The custom format (-Fc) supports selective restore — you can restore individual tables instead of the whole database.

Schedule with cron:

0 3 * * * root /usr/local/bin/db-backup.sh
Enter fullscreen mode Exit fullscreen mode

This runs your backup script at 3 AM daily. Store dumps on a separate volume or off the database server entirely.

Off-Server Backups

Use rclone to sync dumps to DigitalOcean Spaces or Backblaze B2. Before syncing, encrypt with GPG:

gpg -c /var/backups/db/dump-$(date +%F).sql
rclone sync /var/backups/db/ spaces:your-bucket/db-backups/
Enter fullscreen mode Exit fullscreen mode

The gpg -c command encrypts with a passphrase. The rclone sync command mirrors your local backup directory to remote storage, removing files that no longer exist locally.

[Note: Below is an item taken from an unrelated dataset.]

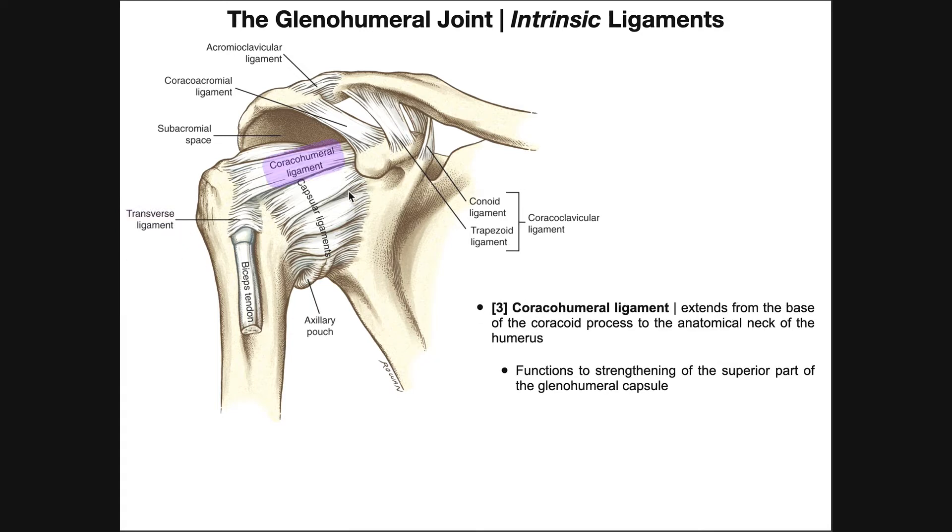The third intrinsic ligament is the coracohumeral ligament. This ligament extends from the base of the coracoid process — basically behind this structure — and then extends to the anatomical neck of the humerus. Remember, the surgical neck is down here, and the anatomical neck is right where it intersects with the head of the humerus. This coracohumeral ligament functions to strengthen the superior part of the glenohumeral capsule. So while the glenohumeral ligaments strengthen the anterior aspect of the capsule, the coracohumeral ligament strengthens the superior part.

Here is a rotation script that keeps 7 daily, 4 weekly, and 3 monthly backups:

#!/usr/bin/env bash
set -euo pipefail

BACKUP_DIR="/var/backups/db"
REMOTE="spaces:your-bucket/db-backups"
DATE=$(date +%F)
DAY=$(date +%u)   # 1=Monday, 7=Sunday
WEEK=$(date +%V)
MONTH=$(date +%d)

# Always create daily dump
mysqldump --single-transaction --all-databases | gpg -c --batch --passphrase-file /etc/backup.key > "${BACKUP_DIR}/daily-${DATE}.sql.gpg"

# Weekly copy on Sunday
if [ "$DAY" -eq 7 ]; then
  cp "${BACKUP_DIR}/daily-${DATE}.sql.gpg" "${BACKUP_DIR}/weekly-${WEEK}.sql.gpg"
fi

# Monthly copy on the 1st
if [ "$MONTH" -eq "01" ]; then
  cp "${BACKUP_DIR}/daily-${DATE}.sql.gpg" "${BACKUP_DIR}/monthly-$(date +%Y-%m).sql.gpg"
fi

# Prune old files
find "${BACKUP_DIR}" -name "daily-*.sql.gpg"   | sort | head -n -7  | xargs -r rm
find "${BACKUP_DIR}" -name "weekly-*.sql.gpg"  | sort | head -n -4  | xargs -r rm
find "${BACKUP_DIR}" -name "monthly-*.sql.gpg" | sort | head -n -3  | xargs -r rm

# Sync to remote
rclone sync "${BACKUP_DIR}/" "${REMOTE}/"
Enter fullscreen mode Exit fullscreen mode

The find | sort | head -n -N | xargs rm pattern deletes everything except the N most recent files in each rotation tier.

Test Your Restores

Spin up a test droplet from a recent snapshot. Verify it boots and that your services start without intervention.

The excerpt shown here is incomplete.